▸ **Pictures with short captions**

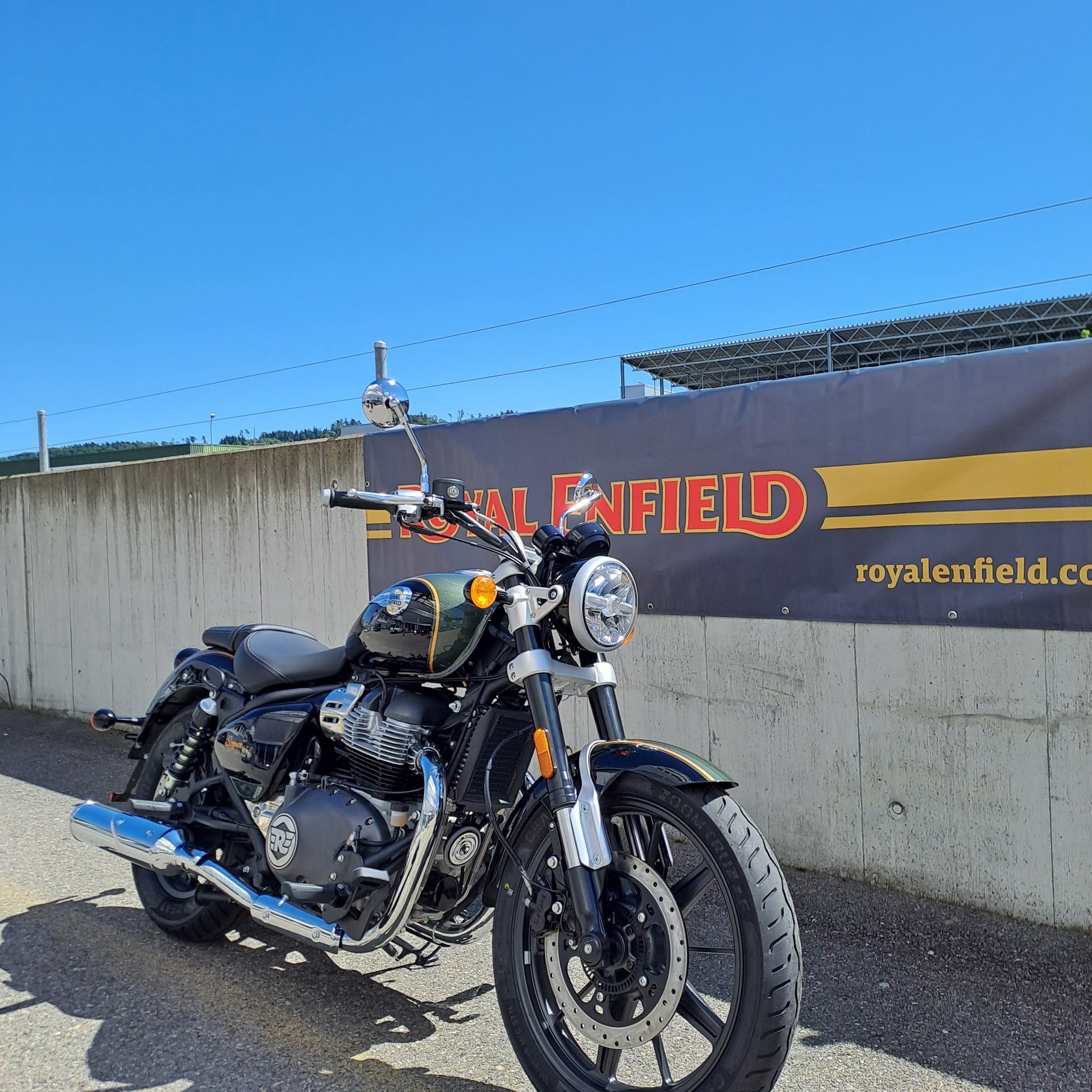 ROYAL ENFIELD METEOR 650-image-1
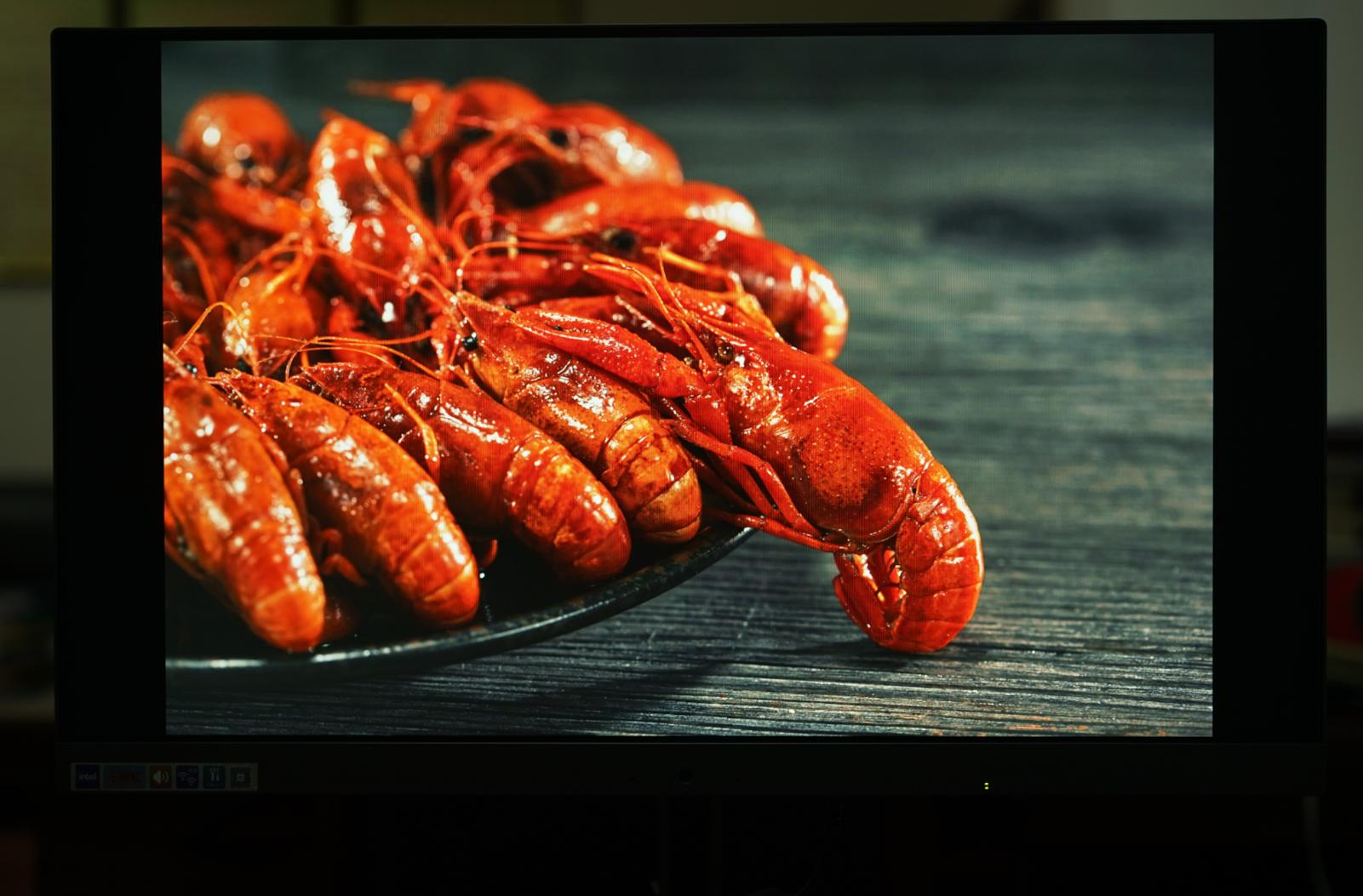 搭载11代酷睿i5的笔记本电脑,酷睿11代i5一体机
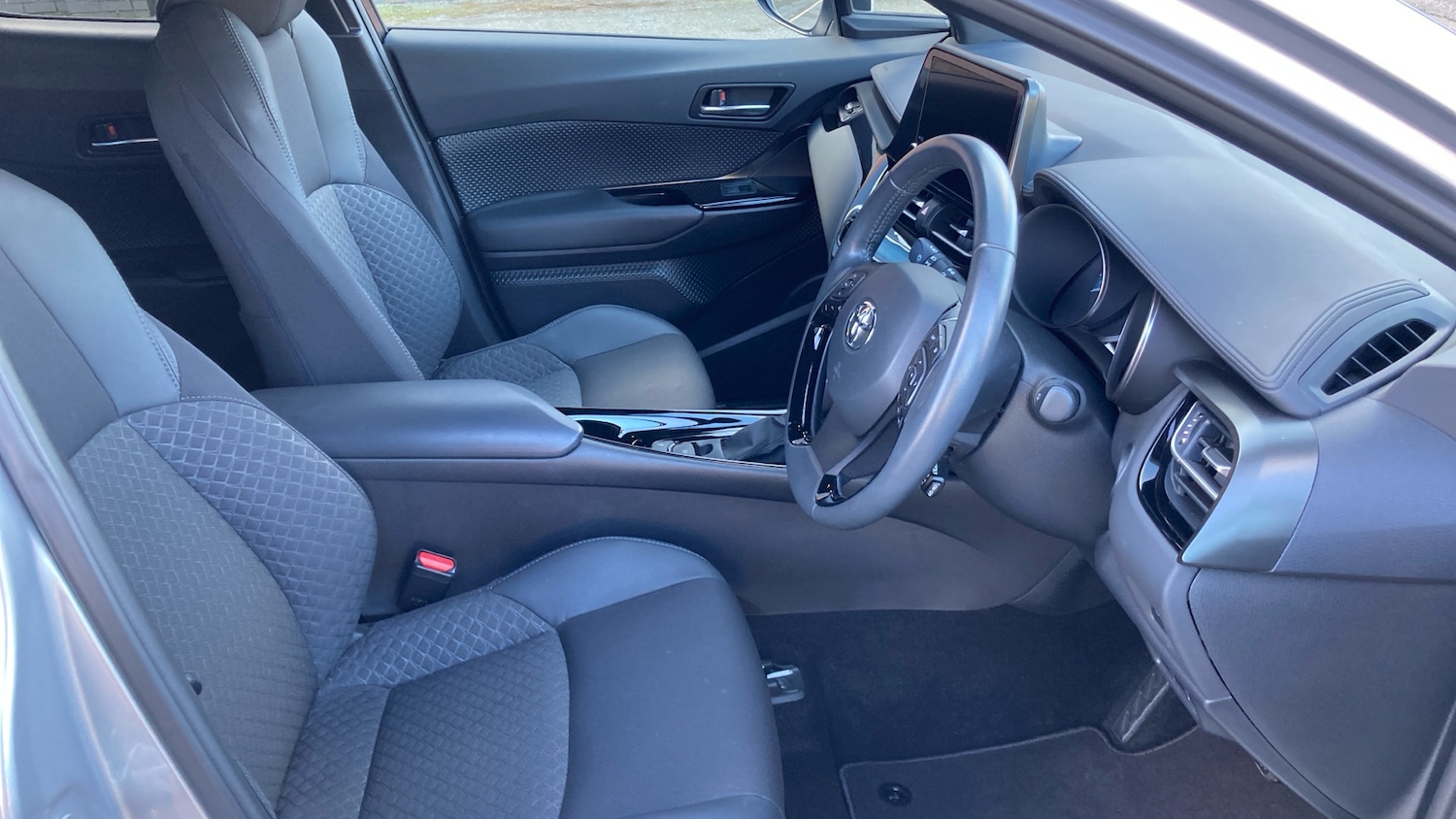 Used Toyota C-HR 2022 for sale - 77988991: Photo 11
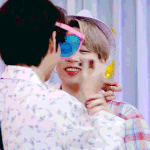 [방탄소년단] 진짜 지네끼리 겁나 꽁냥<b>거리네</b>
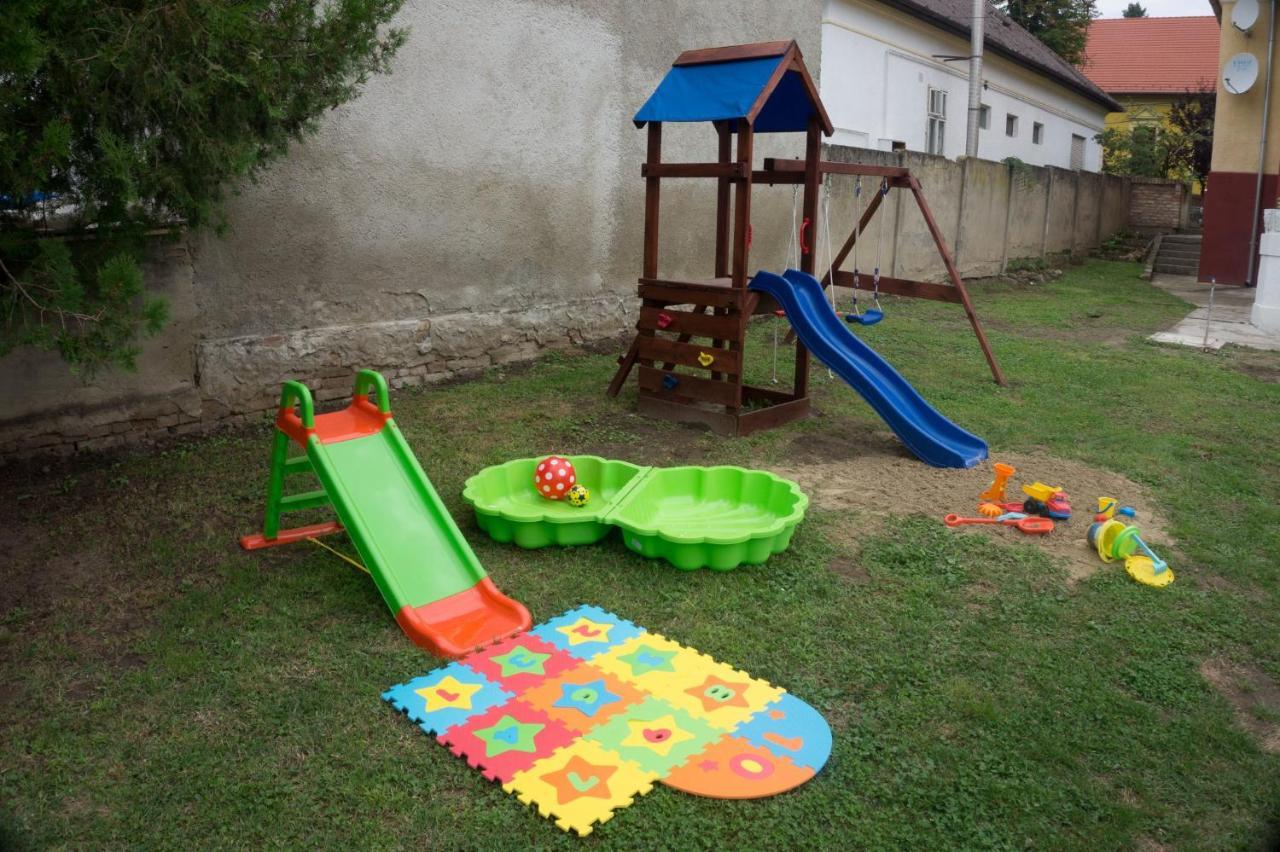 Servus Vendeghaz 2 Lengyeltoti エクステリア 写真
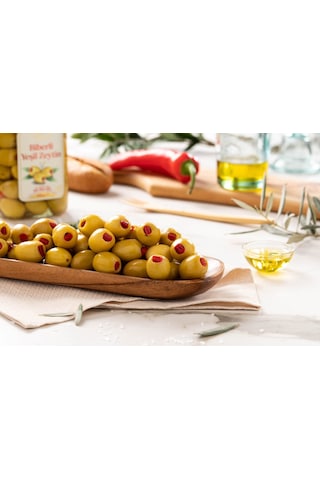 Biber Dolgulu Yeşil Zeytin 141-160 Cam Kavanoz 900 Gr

▸ **WHAT NEEDS TO BE DONE**
Leave out the pictures and give the rest of the records again exactly.

▸ **SOLVED PROBLEM**
 ROYAL ENFIELD METEOR 650-image-1
 搭载11代酷睿i5的笔记本电脑,酷睿11代i5一体机
 Used Toyota C-HR 2022 for sale - 77988991: Photo 11
 [방탄소년단] 진짜 지네끼리 겁나 꽁냥<b>거리네</b>
 Servus Vendeghaz 2 Lengyeltoti エクステリア 写真
 Biber Dolgulu Yeşil Zeytin 141-160 Cam Kavanoz 900 Gr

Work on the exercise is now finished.